Hey guys,
Was at my local SuperCrap for the spanner and socket deal today and saw that they had 0W40 Fully Synthetic on clearance
They had 3 bottles on show here and old stock from the free T-Shirt promotion, not sure if they have anymore out back or what stock is available nationwide
It has been taken off their site so it looks like the range might be updated soon with something else
0W40 is a thin starting oil so good if you live up in colder regions… I know they do factory fill 0W oils in many cars now so good if you want to stick to those oils
The manufacturers say that 0W oils are fine in our summers too but that's your call to make….. our Accord has 0W20 in it now but is going to 5W40 next change out of warranty
grades: API SN/CF, ACEA A3/B4, Meets requirements of: BMW LL-01, MB 229.3, 229.5, VW 502.00, 505.00, Porsche A40, Renault RN 0700, RN 0710
http://www.valvoline.com.au/explore-our-products/all-product…
Good deal because it's normally $60+ for a 5L bottle and 0W oils are never really discounted to 50% off like 5W or 10W oils…
http://www.datateck.com.au/lube/valv_auMS/ if you want to see what valvoline recommend for your car
Finally something I'm experienced in!
Disclaimer: I don't know what Honda you have or if the engine has issues with 20 weight oil recommended by the manufacturer.
With oils, the first number is how much the oil thickens when it cools compared to other oils of the same weight. The second number is the viscosity at operating temperature. The first number IS NOT the viscosity when cold.
A 0w20 oil will thicken less than a 5w20. A 30 (or 40, or 50) weight multigrade (eg 5w30) has completely different characteristics at all temperatures, cold, warm and hot.
The only correct way to get the right oil for your engine is to measure the oil pressure. Your engine's oil pump always pumps the same volume of oil, whether it's 0w10, 10w30 or 40w70 shitbox oil.
Engines have an oil pressure bypass valve. This valve bypasses oil at about 50-70psi depending on the engine.

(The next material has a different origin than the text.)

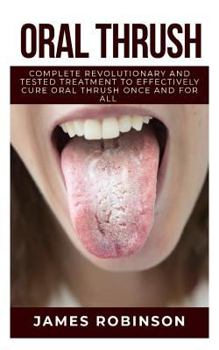 Paperback Oral Thrush: Complete Revolutionary and Tested Treatment to Effectively Cure Oral Thrush Once and For All Book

Oil keeps moving metal parts from touching other metal parts. When moving parts are separated by the oil, the oil heats up, which thins it out.
Thick oil won't be able to flow as much between your big end and main bearings because it's too thick to pass through the tiny pathways. This means most of it will be lost as the oil pressure bypass valve dumps it back into the sump.
The small amount of oil that has already entered the bearing race will quickly heat up and thin out, reducing the ability of the oil to protect the engines vital parts.
If you use the correct viscosity of oil (Honda recommends a 20 weight oil), more oil flows through the bearings than is bypassed and dumped back into the sump. This cools the bearings, maintaining metal-metal separation and reducing oil thinning because more is flowing at an effectively higher pressure in the same space.
The old rule of thumb for oil pressure is 10psi per 1000rpm. I prefer more for daily driven cars, to achieve maximum oil pressure at the RPM the motor is commonly loaded up for maximum power. This varies for automatics and manuals.
Manual transmissions allow the driver to subject the engine to maximum torque (at the RPM) from idle. Obviously if the oil is below maximum pressure, it's not providing as much force to separate moving parts of the engine, meaning the 10psi/1000rpm rule of thumb is crap. An auto will stall up, so it's not possible to put the engine under full load below the stall speed of the torque converter. This means you can use a thinner engine oil for a car with an automatic transmission and provide full protection.
For an automatic transmission daily driven car, use an engine oil that provides maximum oil pressure about 1000rpm above the torque converters stall speed, which will be around the engines maximum torque envelope. Maximum oil pressure at about 3000rpm for most cars is probably the best compromise.
If you don't know what oil pressure your car is running at various temperatures and RPM's, any advice you take is blind.
Race cars are different because they live near maximum RPM at full load so the right viscosity is far more important than on a road car.
tl;dr going to a thicker oil will probably cause more engine wear.